**WORK TASK**
Whenever an image turns up, omit it and return the remaining data exactly.

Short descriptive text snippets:

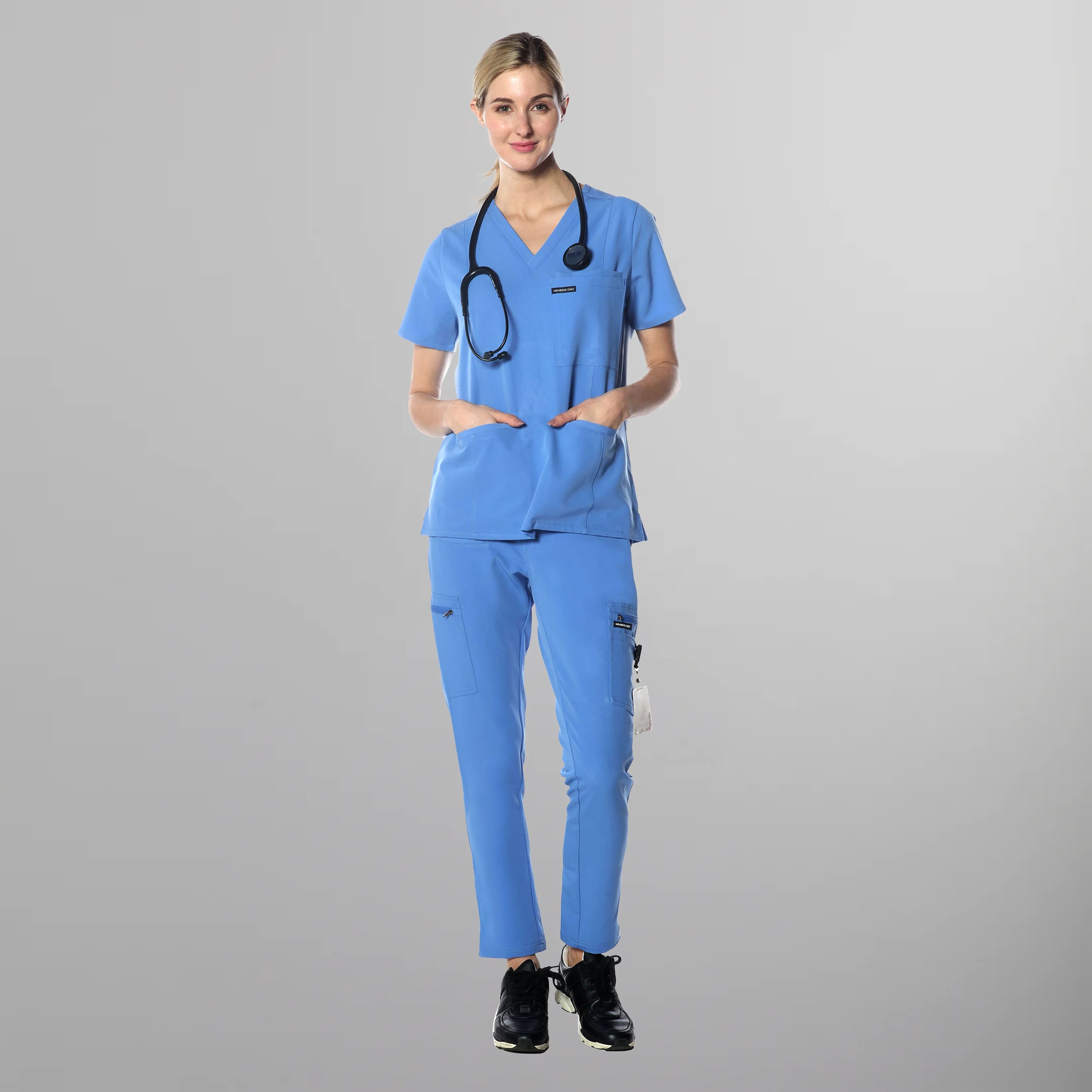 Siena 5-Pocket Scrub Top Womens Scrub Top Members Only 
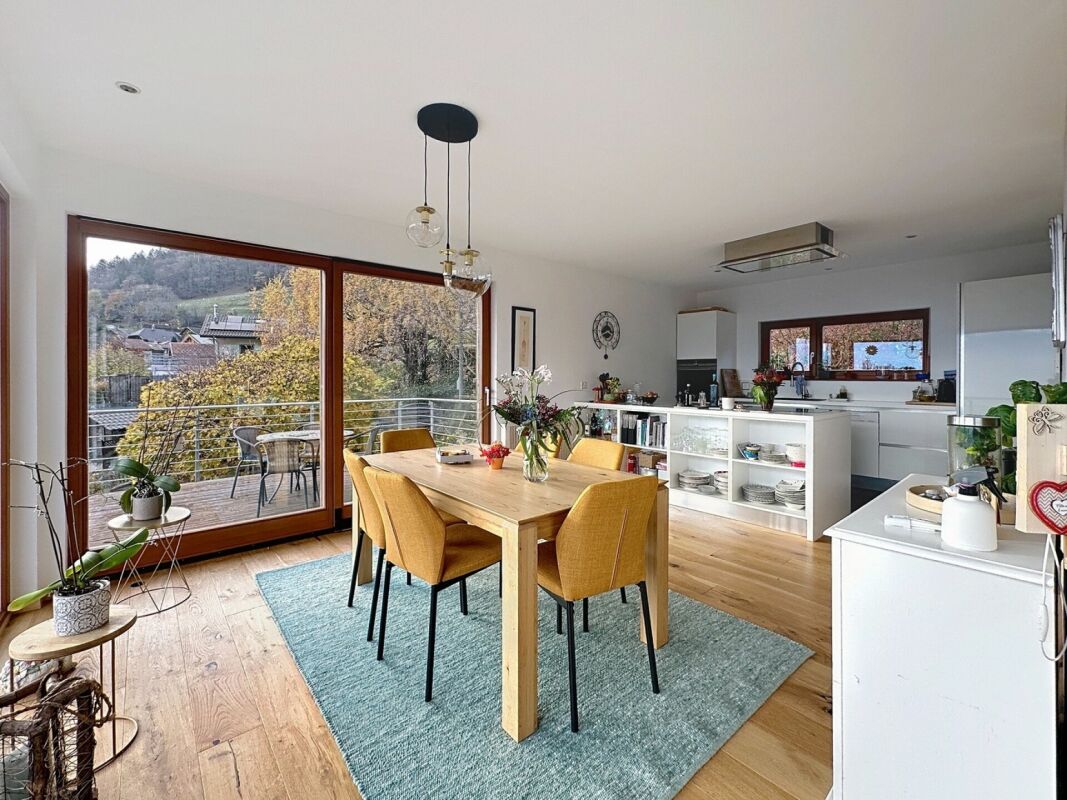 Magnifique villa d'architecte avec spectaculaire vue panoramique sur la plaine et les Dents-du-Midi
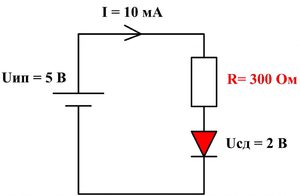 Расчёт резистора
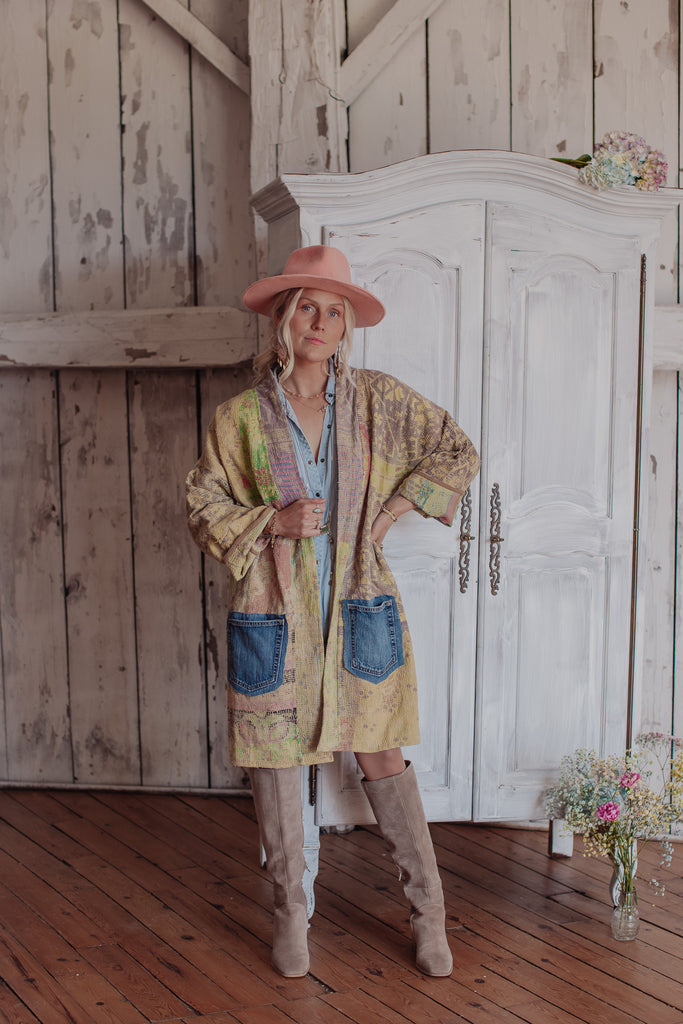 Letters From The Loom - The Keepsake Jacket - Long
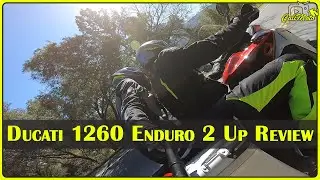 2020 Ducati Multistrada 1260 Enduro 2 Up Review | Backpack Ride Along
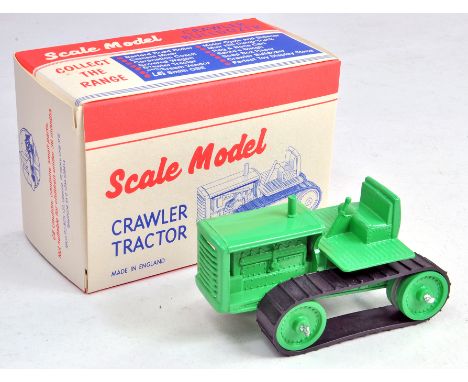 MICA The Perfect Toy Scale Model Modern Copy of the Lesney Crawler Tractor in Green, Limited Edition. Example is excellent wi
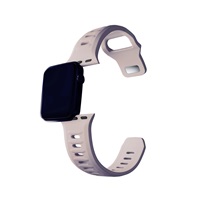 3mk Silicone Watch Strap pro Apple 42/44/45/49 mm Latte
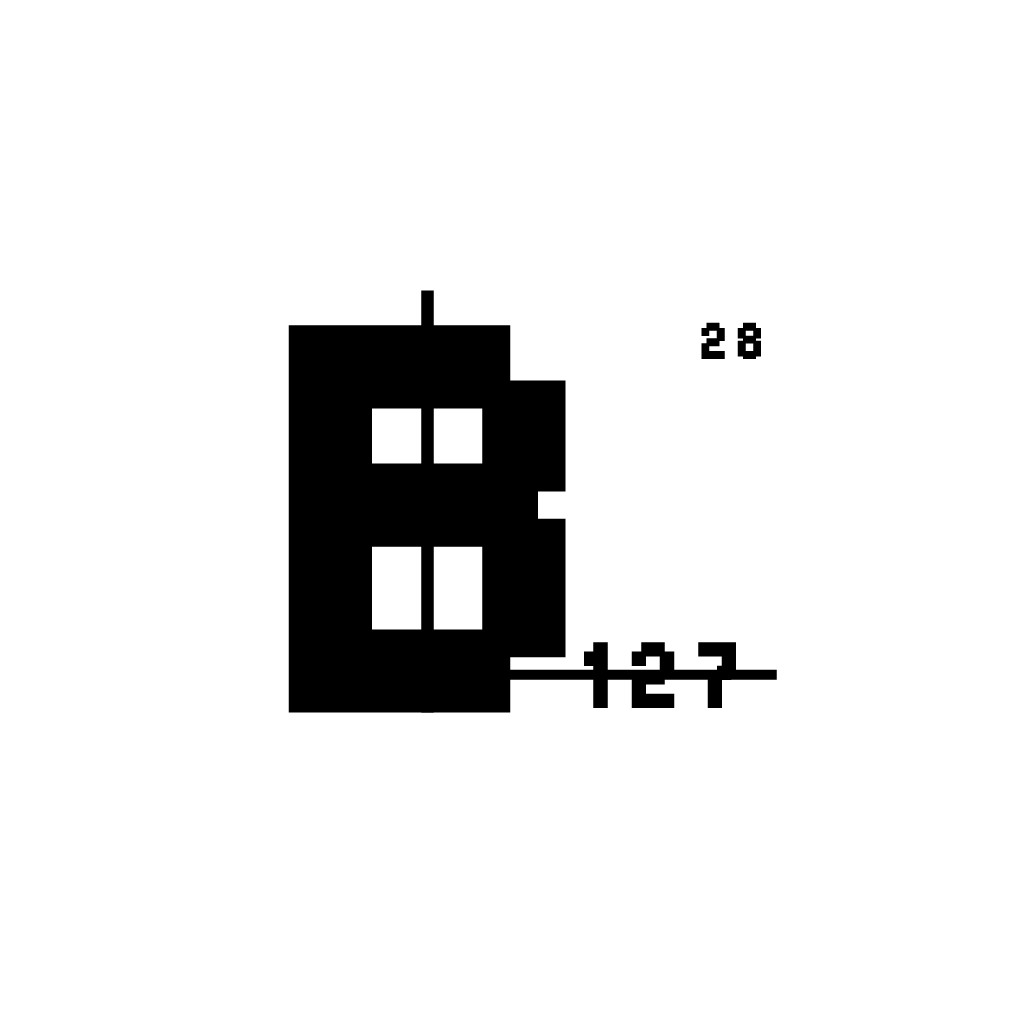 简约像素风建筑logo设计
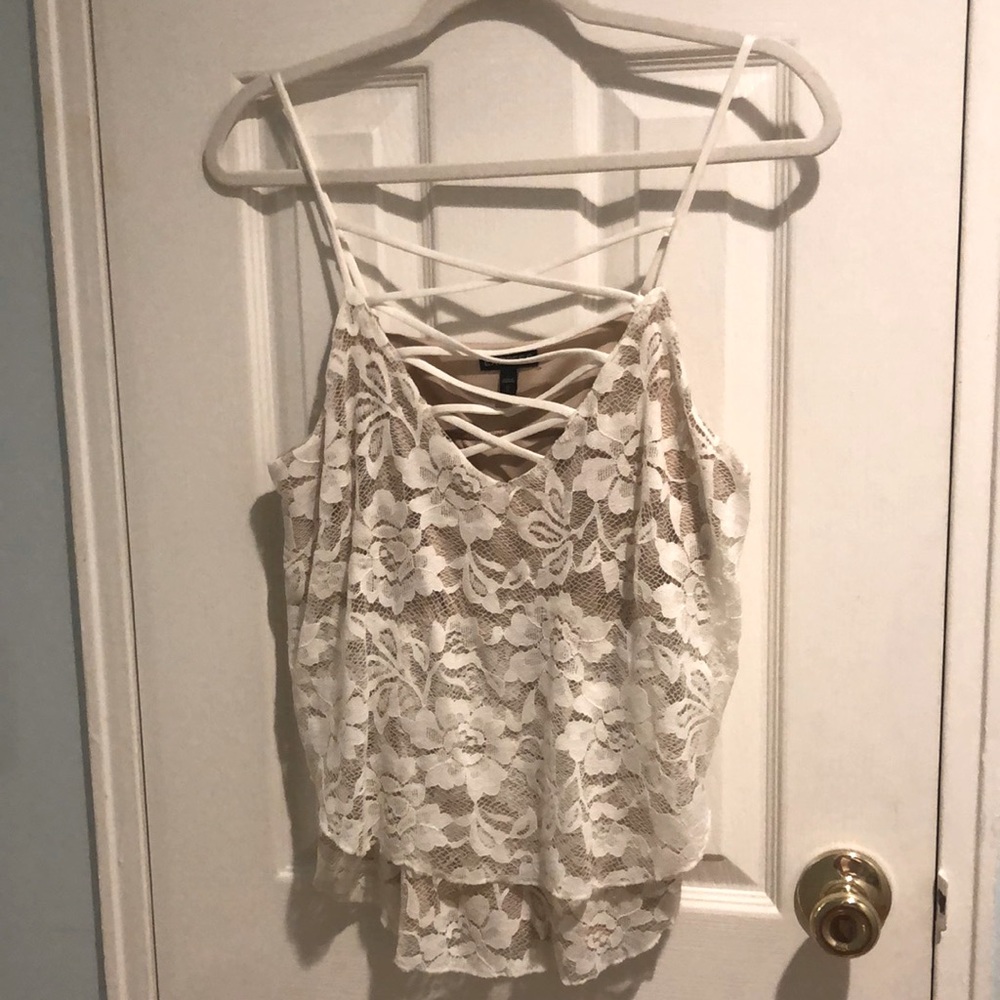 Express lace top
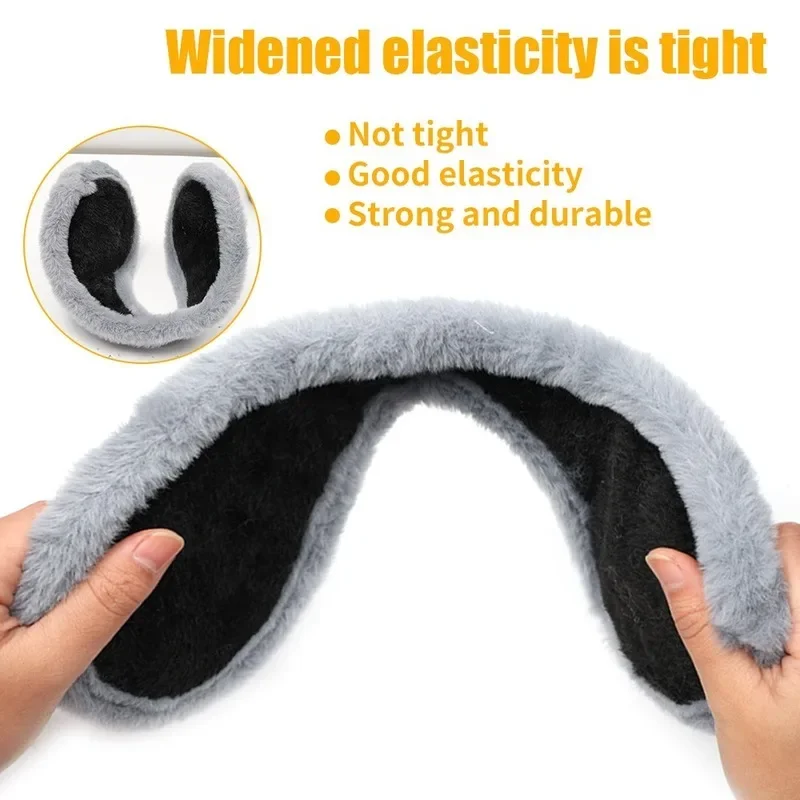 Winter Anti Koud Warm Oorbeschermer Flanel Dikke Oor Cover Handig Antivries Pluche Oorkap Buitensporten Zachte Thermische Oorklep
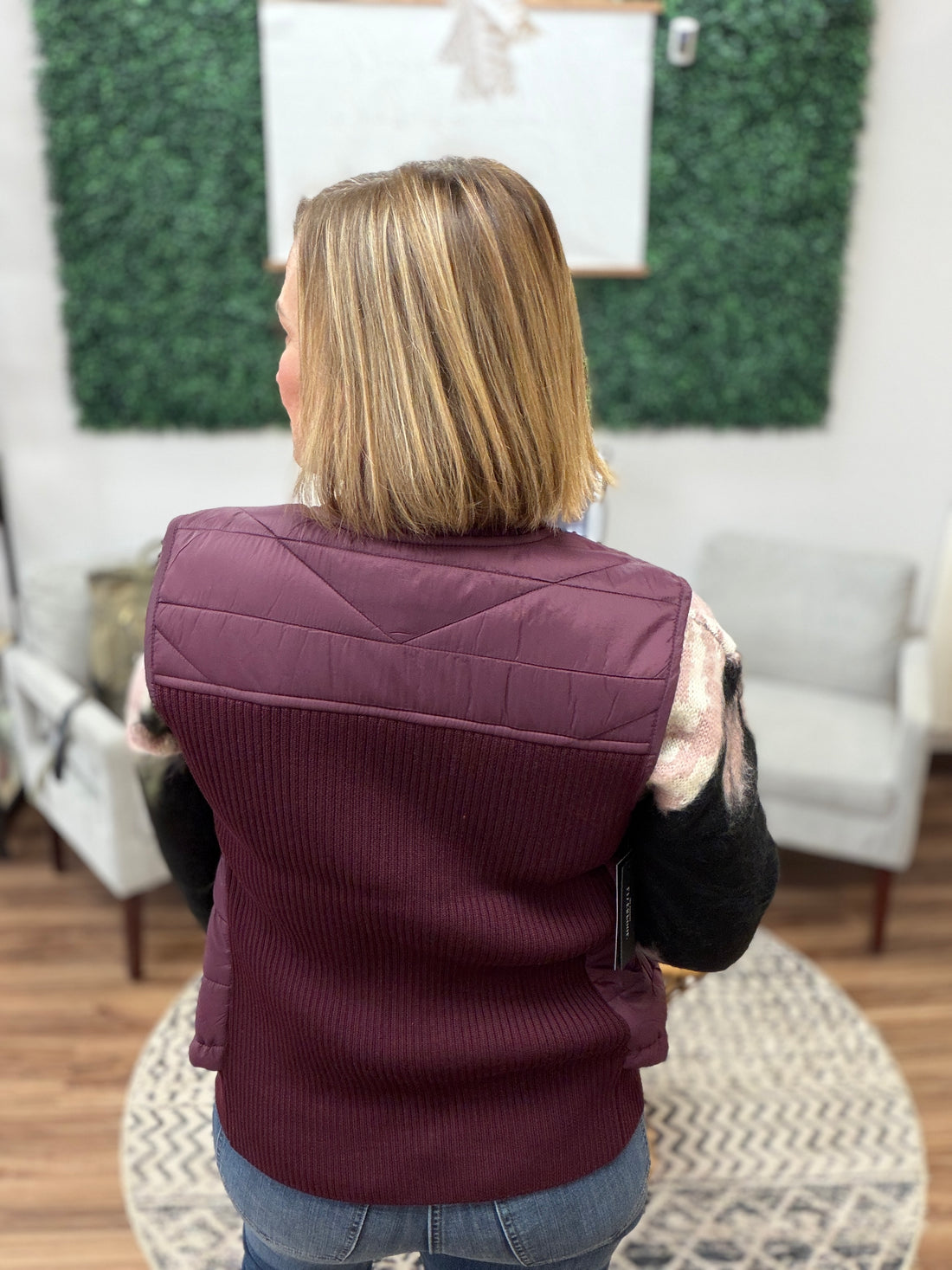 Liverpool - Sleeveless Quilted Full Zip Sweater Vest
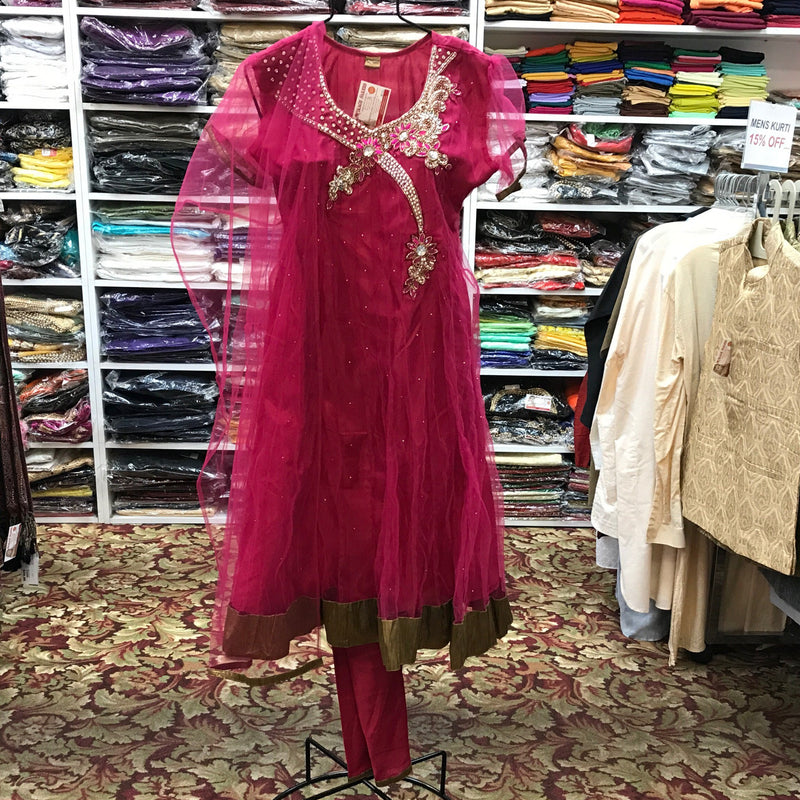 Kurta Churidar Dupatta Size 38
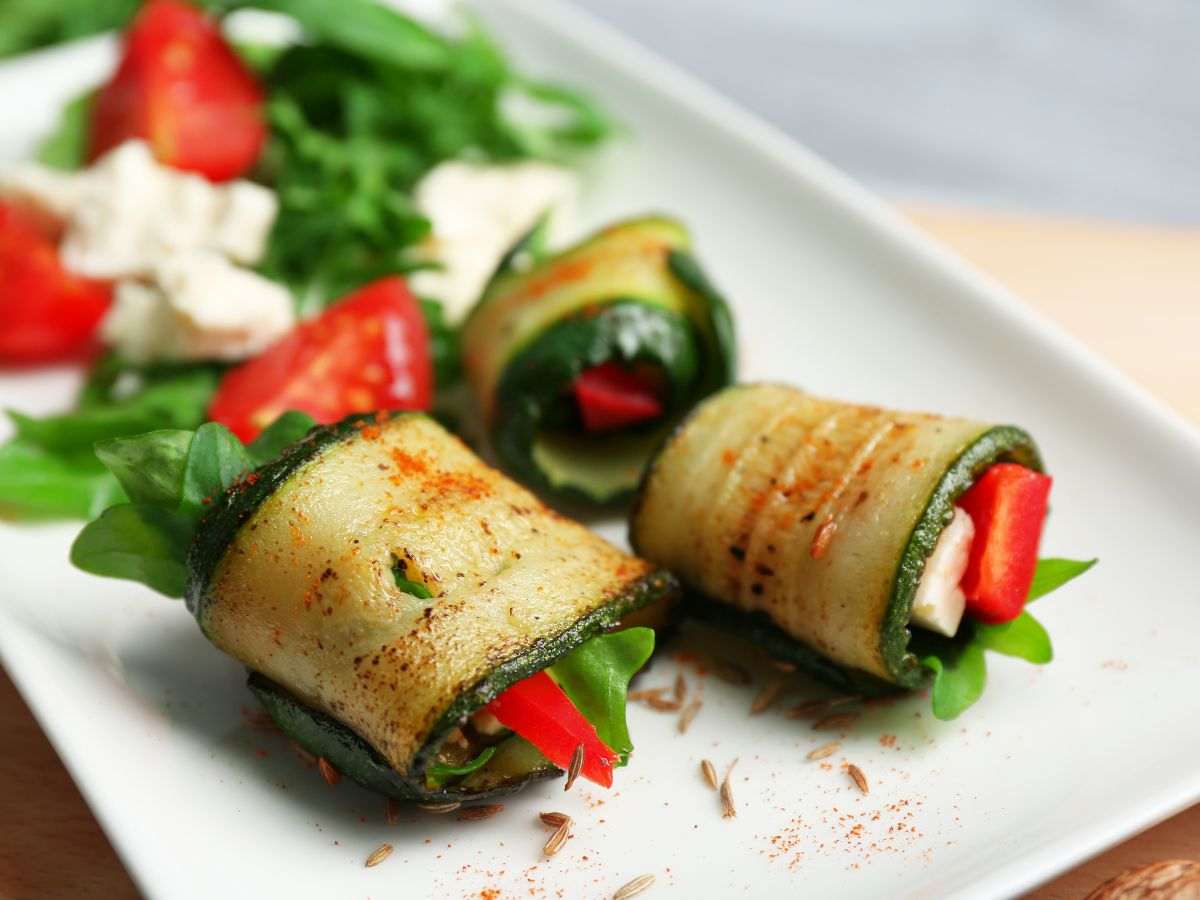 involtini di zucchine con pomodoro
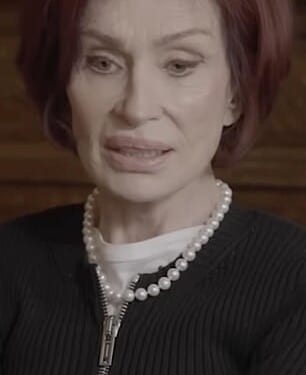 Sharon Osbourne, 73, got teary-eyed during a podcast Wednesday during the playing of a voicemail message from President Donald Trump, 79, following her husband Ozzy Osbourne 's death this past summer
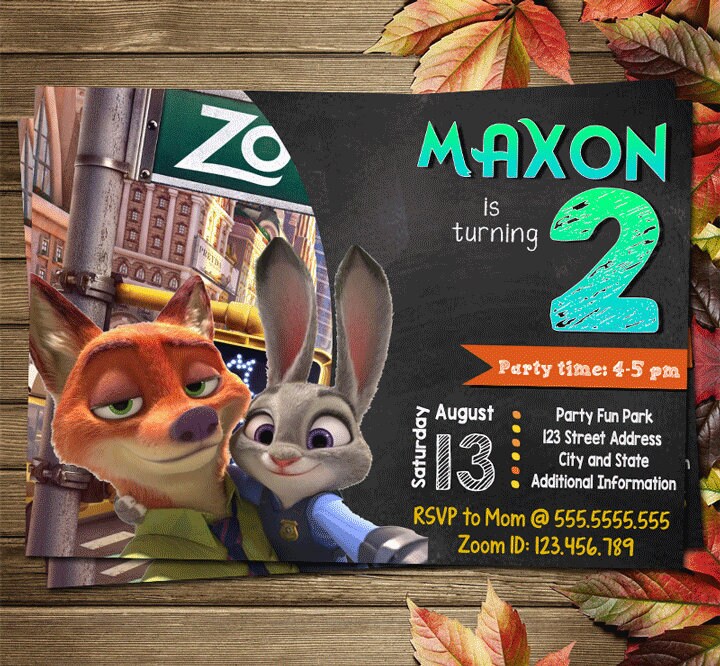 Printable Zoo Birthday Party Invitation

**TASK ANSWER**
 Siena 5-Pocket Scrub Top Womens Scrub Top Members Only 
 Magnifique villa d'architecte avec spectaculaire vue panoramique sur la plaine et les Dents-du-Midi
 Расчёт резистора
 Letters From The Loom - The Keepsake Jacket - Long
 2020 Ducati Multistrada 1260 Enduro 2 Up Review | Backpack Ride Along
 MICA The Perfect Toy Scale Model Modern Copy of the Lesney Crawler Tractor in Green, Limited Edition. Example is excellent wi
 3mk Silicone Watch Strap pro Apple 42/44/45/49 mm Latte
 简约像素风建筑logo设计
 Express lace top
 Winter Anti Koud Warm Oorbeschermer Flanel Dikke Oor Cover Handig Antivries Pluche Oorkap Buitensporten Zachte Thermische Oorklep
 Liverpool - Sleeveless Quilted Full Zip Sweater Vest
 Kurta Churidar Dupatta Size 38
 involtini di zucchine con pomodoro
 Sharon Osbourne, 73, got teary-eyed during a podcast Wednesday during the playing of a voicemail message from President Donald Trump, 79, following her husband Ozzy Osbourne 's death this past summer
 Printable Zoo Birthday Party Invitation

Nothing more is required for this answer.